Ronnie – the ocean, as you know, is “home” to me and the smell triggers an immense reaction in me ....pipe tobacco- yes, another powerful scent and one common in my childhood but something our children probably never experienced. And it’s no secret how much I relish the early morning air on a crisp autumn day.

mouse said...

Ocean aside. I love the smell of the trees after a good rain here in the mountains. But it's rainy here so often I really only notice the first few.

I also like the smell of snow. I know that is really weird.

Nolens Volens said...

The smell is the most powerful memory trigger of all. I'd smell something specific and flash back to my boyhood days. Good post!

The Beautiful Kind said...

This was a beautiful post! So sensual, I love how you intertwine nature with sex - they are one and the same. I feel like the moon is feminine, the sun is masculine.

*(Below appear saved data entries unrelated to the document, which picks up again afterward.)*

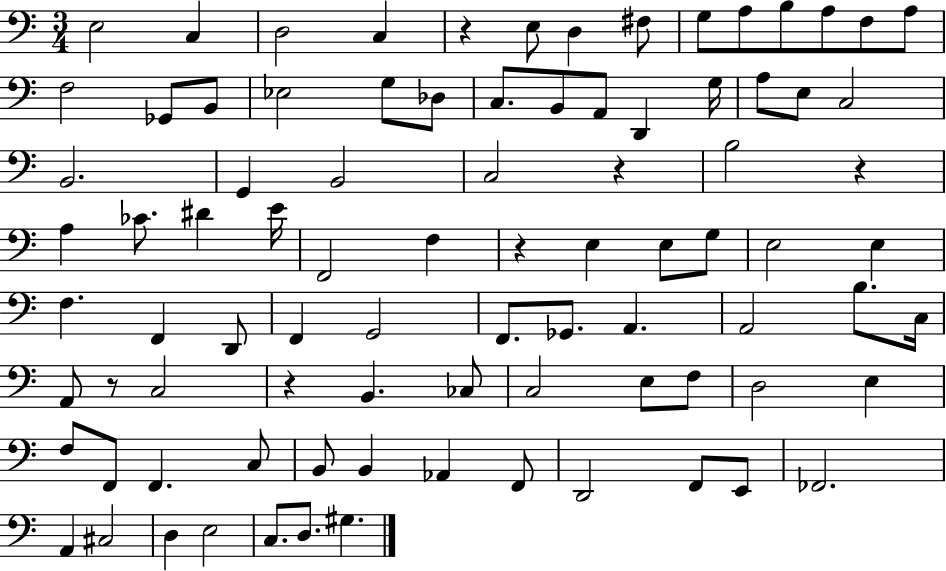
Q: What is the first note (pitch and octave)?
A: E3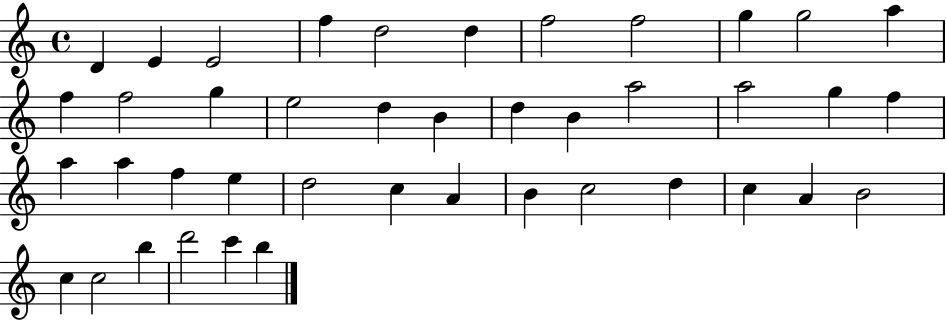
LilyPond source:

{
  \clef treble
  \time 4/4
  \defaultTimeSignature
  \key c \major
  d'4 e'4 e'2 | f''4 d''2 d''4 | f''2 f''2 | g''4 g''2 a''4 | \break f''4 f''2 g''4 | e''2 d''4 b'4 | d''4 b'4 a''2 | a''2 g''4 f''4 | \break a''4 a''4 f''4 e''4 | d''2 c''4 a'4 | b'4 c''2 d''4 | c''4 a'4 b'2 | \break c''4 c''2 b''4 | d'''2 c'''4 b''4 | \bar "|."
}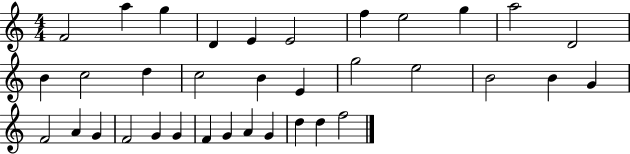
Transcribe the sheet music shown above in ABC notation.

X:1
T:Untitled
M:4/4
L:1/4
K:C
F2 a g D E E2 f e2 g a2 D2 B c2 d c2 B E g2 e2 B2 B G F2 A G F2 G G F G A G d d f2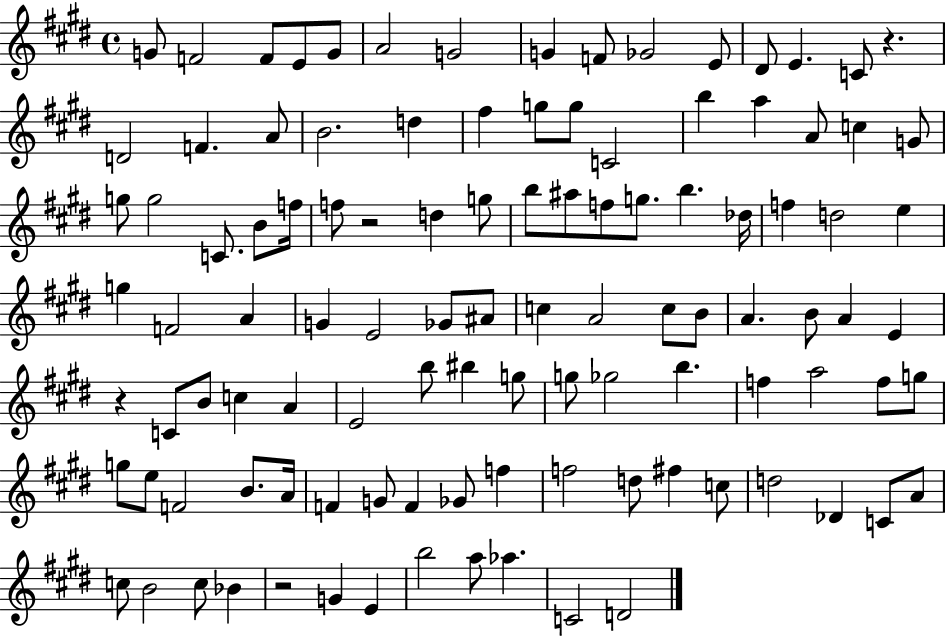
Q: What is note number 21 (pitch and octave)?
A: G5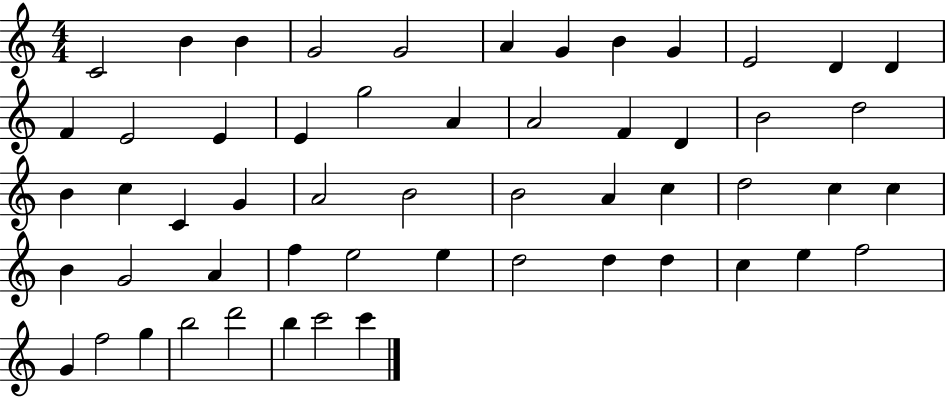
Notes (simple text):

C4/h B4/q B4/q G4/h G4/h A4/q G4/q B4/q G4/q E4/h D4/q D4/q F4/q E4/h E4/q E4/q G5/h A4/q A4/h F4/q D4/q B4/h D5/h B4/q C5/q C4/q G4/q A4/h B4/h B4/h A4/q C5/q D5/h C5/q C5/q B4/q G4/h A4/q F5/q E5/h E5/q D5/h D5/q D5/q C5/q E5/q F5/h G4/q F5/h G5/q B5/h D6/h B5/q C6/h C6/q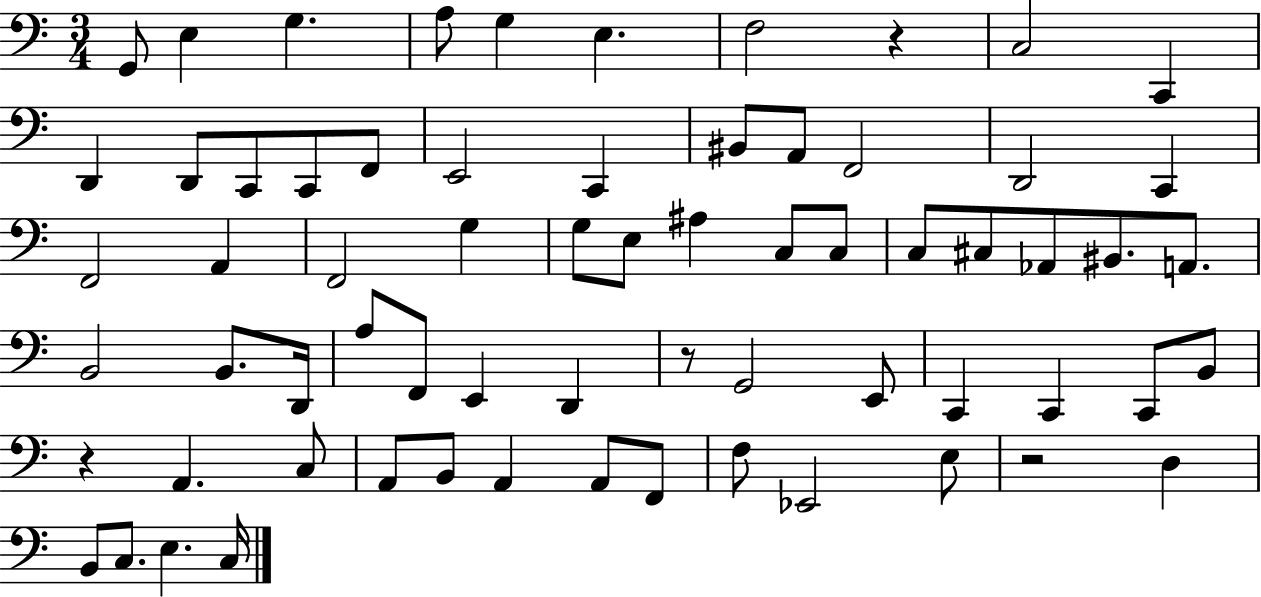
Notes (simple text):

I love my man's cologne - Reaction by Kenneth Cole. I love the smell of a wood burning fireplace, reminds of the a cabin we go to every year and get lost in ourselves - BDSM kingdom...

selkie said...

mouse - I love the smell of "green" which is how I think of trees after rain and like you there is something delicious abuot the smell of snow. I love my early morning walks with my dogs when I step into a frosty morning and SNIFF the clean fresh scent.

nolens - it's true, a certain scent can make us time travel!

Beautiful Kind - I celebrate our animal nature and try to remember that we are part and parcel of what we experience around us. And yes, wood burning fireplace MUST be one of the most enticing, sensual and all encompassing smells there is - D. and I have gone in the past to a similar little cottage in the woods where we were free to indulge.